The database choice is the most consequential reliability decision in most system designs, and it's often made early — sometimes too early, before the actual access patterns and consistency requirements are well understood. AWS's database portfolio has expanded to the point where the selection decision is genuinely complex, and getting it wrong costs far more than the effort of getting it right.

This is an SRE-perspective guide to AWS's core database options: what their reliability profiles look like, what failure modes you should plan for, and when each is the right choice.


Aurora: The Workhorse

Amazon Aurora (PostgreSQL and MySQL compatible) is the default choice for most relational workloads on AWS, and for good reason. Aurora separates compute from storage, replicates data 6 ways across 3 AZs automatically, and provides automatic failover without data loss.

The Reliability Profile

Storage durability: 6-way replication means Aurora can lose 2 copies without data loss and continue operating. The storage layer is effectively independent of the compute layer — provisioning a new writer instance against existing storage is fast.

Failover time: Aurora Multi-AZ failover completes in under 30 seconds typically, under 10 seconds in many cases with the latest improvements. Compare this to RDS Multi-AZ (1-2 minutes) or a self-managed database (manual intervention).

What Aurora does not protect against: Application-level errors. A DELETE FROM table WHERE 1=1 executed by a runaway migration is replicated to all 6 storage copies immediately. Aurora's backtrack feature (continuous backup that can be replayed forward to any point in time) and automated snapshots are your protection against this category.

Operational Patterns

Read replicas for query isolation. Run analytics queries against Aurora read replicas, not the writer. A slow analytical query on the writer competes for resources with OLTP workloads. Aurora's replica lag is typically sub-second for write-heavy workloads; monitor it and alert if it exceeds acceptable thresholds for your use case.

Aurora Global Database for multi-region.
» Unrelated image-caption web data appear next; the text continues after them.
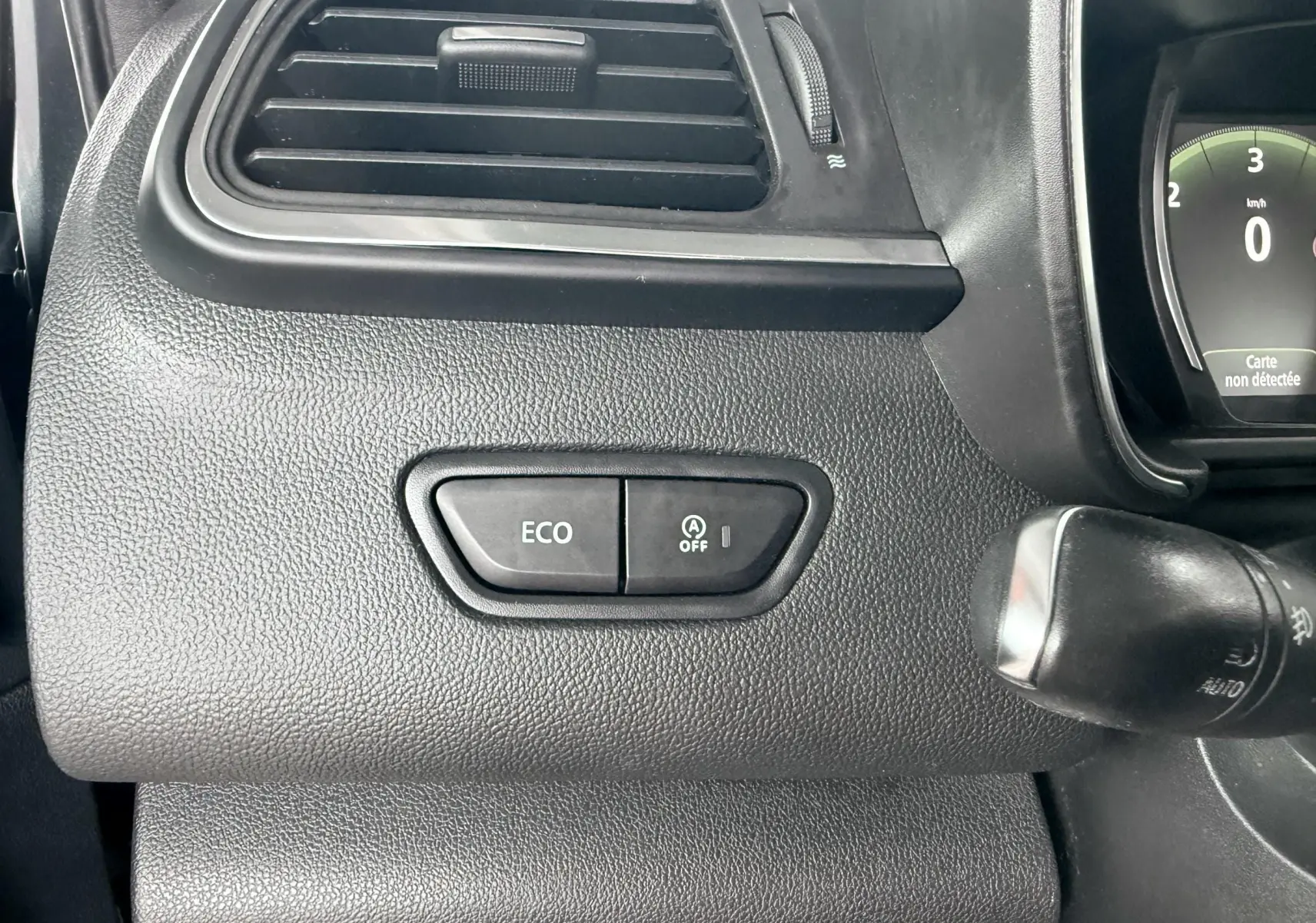 Détail du tableau de bord côté gauche avec bouton ECO et commande arrêt auto du moteur Renault Kadjar gris 2016.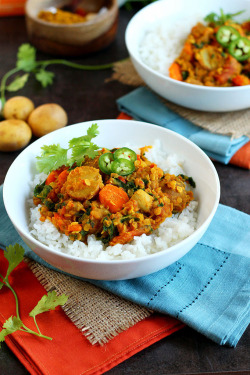 vtasty:  vTasty- Only Tasty Food Potato Veggie Lentil Curry -… via Tumblr 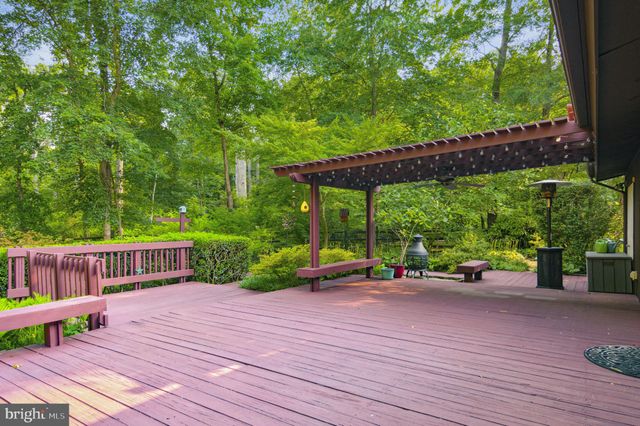 $995,000 | 3411 Wessynton Way, Alexandria, VA 22309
For active-active or active-passive multi-region configurations, Aurora Global Database replicates from a primary region to up to 5 secondary regions with typical lag under 1 second. Planned failover (when you want to promote a secondary) takes under 1 minute. Unplanned failover (the primary region is unavailable) takes longer but is fully automated.

Connection pooling is not optional at scale. Aurora's connection limit is a function of instance size. A db.r7g.large has ~2,000 maximum connections. If your application opens 10 connections per pod and you run 300 pods, you'll exhaust the connection pool. RDS Proxy or PgBouncer is required for applications that scale horizontally.

python
# Connection pool monitoring — alert before exhaustion
def check_aurora_connections(cluster_id: str, threshold_pct: float = 0.8):
    cw = boto3.client('cloudwatch')
    
    current = get_metric(cw, cluster_id, 'DatabaseConnections')
    max_connections = get_aurora_max_connections(cluster_id)
    
    utilization = current / max_connections
    if utilization > threshold_pct:
        alert(f"Aurora connection pool at {utilization:.0%} — consider scaling instance or adding proxy")
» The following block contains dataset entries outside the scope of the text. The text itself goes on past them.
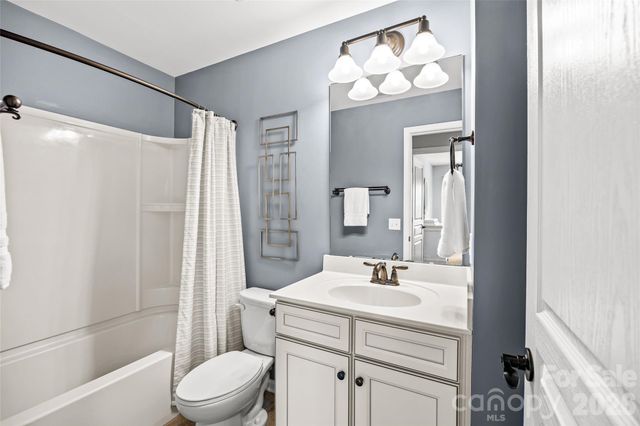 2258 Kensington Station Parkway, Charlotte, NC 28210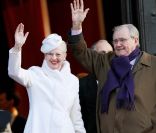 La reine Margrethe et le prince Henrik au balcon de l'Hôtel de Ville de Copenhague le 14 janvier 2012, jour du jubilé de rubis de la reine.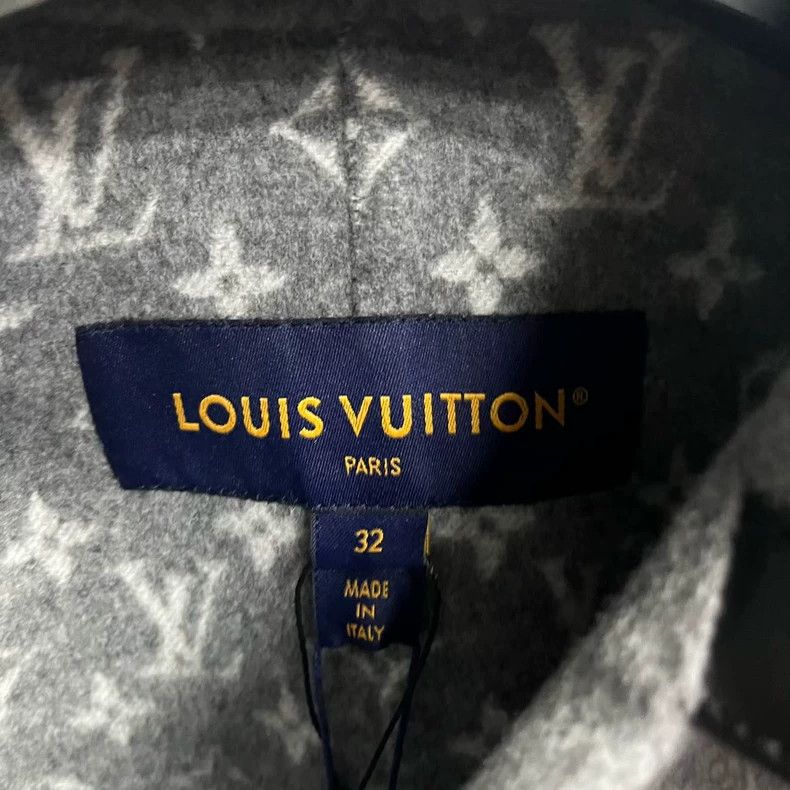 Louis Vuitton Louis Vuitton 25 Latest Removable Collar Double Patch Pock Size 4XL / US 24-26 - 2 Thumbnail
Cluster parameter groups are shared config. A change to a cluster parameter group affects all instances in the cluster. Test parameter changes in non-production before applying to production, and prefer dynamic parameters (take effect immediately) over static parameters (require reboot) for production clusters.


DynamoDB: The Different Beast

DynamoDB is not a relational database. It's a key-value and document store designed for single-digit millisecond latency at any scale. Its reliability profile is fundamentally different from Aurora's, and using it like a relational database produces both reliability and performance problems.

The Reliability Profile

Effectively unlimited scale. DynamoDB's managed sharding means you can scale to millions of requests per second by provisioning capacity. The database infrastructure never becomes the bottleneck if you're provisioning correctly.

Throughput mode matters: On-demand mode handles any traffic pattern but costs more per request. Provisioned mode is cheaper at predictable load but throttles requests that exceed provisioned capacity. Throttled requests return a ProvisionedThroughputExceededException. Your application must handle throttling with exponential backoff, and your monitoring must surface throttling events.

Hot partitions are the silent reliability killer. DynamoDB distributes data across internal partitions based on the partition key. If 90% of your traffic hits one partition key, that partition's throughput is limited regardless of total provisioned capacity. A user ID as the partition key for a small table where one "user" is actually a shared test account that generates millions of requests — this is a hot partition waiting to happen.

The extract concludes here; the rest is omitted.